For more information on the data pipeline, check out this paper: https://cran.r-project.org/doc/contrib/de_Jonge+van_der_Loo-Introduction_to_data_cleaning_with_R.pdf
Let’s now dive into the specifics. Below we cover eleven techniques for making data easier to work with.
Let’s think about how we can transform data into formats that are easy to work with. Conceptually, we can think of a dataset as a matrix with data points as rows and variables (features) as columns.
We could choose to extract certain rows from the matrix and ignore others. Similarly, we could focus our attention on certain columns and ignore the rest. We could also combine matrices with each other, perform mathematical transformations on them, or attempt to summarize their contents. These operations make up the vocabulary of data manipulation.

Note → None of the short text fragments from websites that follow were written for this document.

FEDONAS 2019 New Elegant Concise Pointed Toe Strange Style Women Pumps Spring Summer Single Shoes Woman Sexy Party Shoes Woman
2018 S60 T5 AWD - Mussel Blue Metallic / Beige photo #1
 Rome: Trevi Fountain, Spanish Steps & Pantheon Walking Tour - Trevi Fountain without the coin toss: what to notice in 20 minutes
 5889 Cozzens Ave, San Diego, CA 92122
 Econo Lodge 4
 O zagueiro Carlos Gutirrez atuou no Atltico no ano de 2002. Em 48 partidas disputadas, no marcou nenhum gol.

We’re going to look at each of these tools in detail and see how they can be implemented in R using both builtin functions and the dplyr package. For those who know SQL, examples are also provided using sqldf, an R library that allows SQL querying on R objects.
library(dplyr)
library(plyr)
library(sqldf)
dat <- iris
Filtering is selecting a subset of a data frame’s rows. This is a way of capturing only those rows (data points) that satisfy a certain property. This is useful if you want to ignore data points that won’t be useful for your analysis, or separate out specific data points that might be especially useful.
#filtering
example <- dat[which(dat$Sepal.Length>6),] #base function
example <- dplyr::filter(dat, Sepal.Length > 6) #dplyr function
example <- sqldf("SELECT * FROM dat WHERE [Sepal.Length]>6") #sql WHERE clause
Subsetting is selecting a subset of a data frame’s columns. You’d use subsetting when you want to capture only part of the attributes of each data point. Use subsetting when you want to focus on specific variables in the data and ignore those variables that are irrelevant.
Subsetting will come in handy in a few lectures when we discuss things like feature selection and model optimization.
#Subset selection
example <- dat[,c(1,3,4)] #Matrix notation
example <- dat[c(1,3,4)] #List notation
example_1 <- dplyr::select(dat, c(1,3,4)) #dplyr select
example_2 <- dplyr::select(dat,Sepal.Width) #dplyr select
example<-sqldf("SELECT [Sepal.Length] FROM dat")#sql SELECT clause
Merging is used when you want to glue two data sets together. You can do this in one of two ways:
Combine the data sets by column. This results in the two datasets pasted side-by-side, combined into a single data frame.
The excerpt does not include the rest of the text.